Culinary Cultures: Food and the Postcolonial’, Friday 5th May 2017, 9.30-4.45.

The Fifth Biannual Northern Postcolonial Network Symposium, Quad South Hall, York St John University. Convenor: Dr Sarah Lawson Welsh

The academic study of food has undoubtedly been one of the growth areas of the last twenty-five years. However, Postcolonial studies has been relatively slow to embrace the study of culinary cultures and food histories in a postcolonial context. The contemporary popularity of Food Studies, both as an area of academic enquiry and in terms of a growing audience of more general readers, is evident from the burgeoning number of publications which cross these audiences and the growing appetite for  cookery programmes and writing.

This symposium brings together papers on food and the postcolonial, across and between different disciplines, in order to make a significant contribution to this emerging strand of postcolonial food studies. Papers can consider food preparation, cooking and/or consumption in literary, filmic, sacred or visual texts, travel writing, advertising, life writing and oral histories, menus, cookbooks and cookery programmes, foodways and food histories, postcolonial ecologies and environmentalism, may focus on intergenerational differences, food memories and nostalgia or gustatory experiences and the politics of taste. The reach of papers may be territory-specific or global and especially welcome are those which consider the global dimensions of food and foodways.
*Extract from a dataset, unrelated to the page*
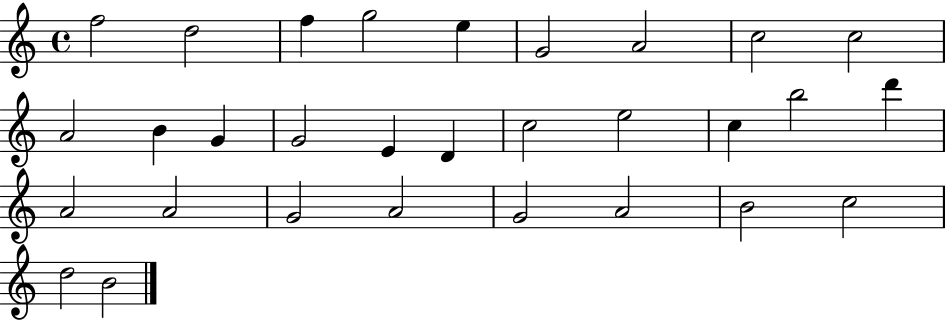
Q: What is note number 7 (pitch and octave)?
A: A4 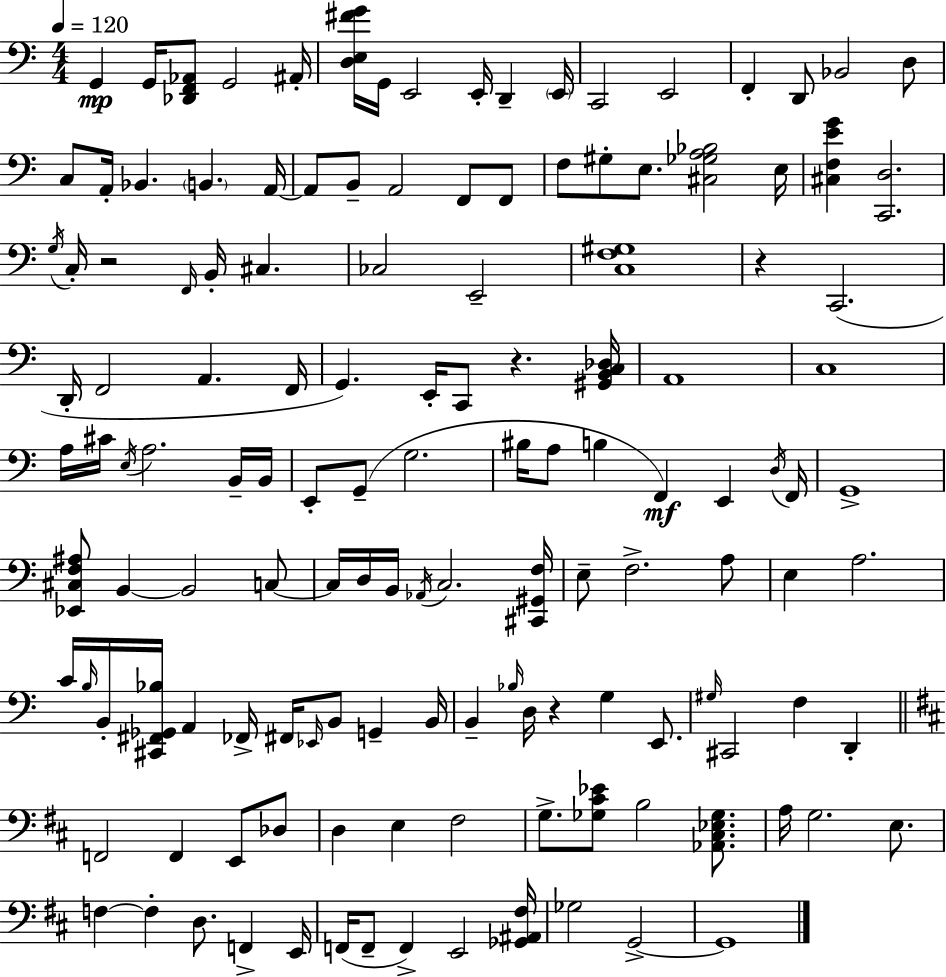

How might we map a consideration of food onto the global connectedness and globalizing processes of colonialism and decolonization? What happens when food ‘travels’, and how do transnational and/or diasporic writers negotiate their identities through and with food? How do contemporary writers and/or artists navigate tensions between the local and the global, foodways of the past and of the present and how are concepts of culinary ‘tradition’ and ‘authenticity’ articulated in their works? How do postcolonial writers on food come to writing and what is their relationship with the audiences which ‘consume’ their works?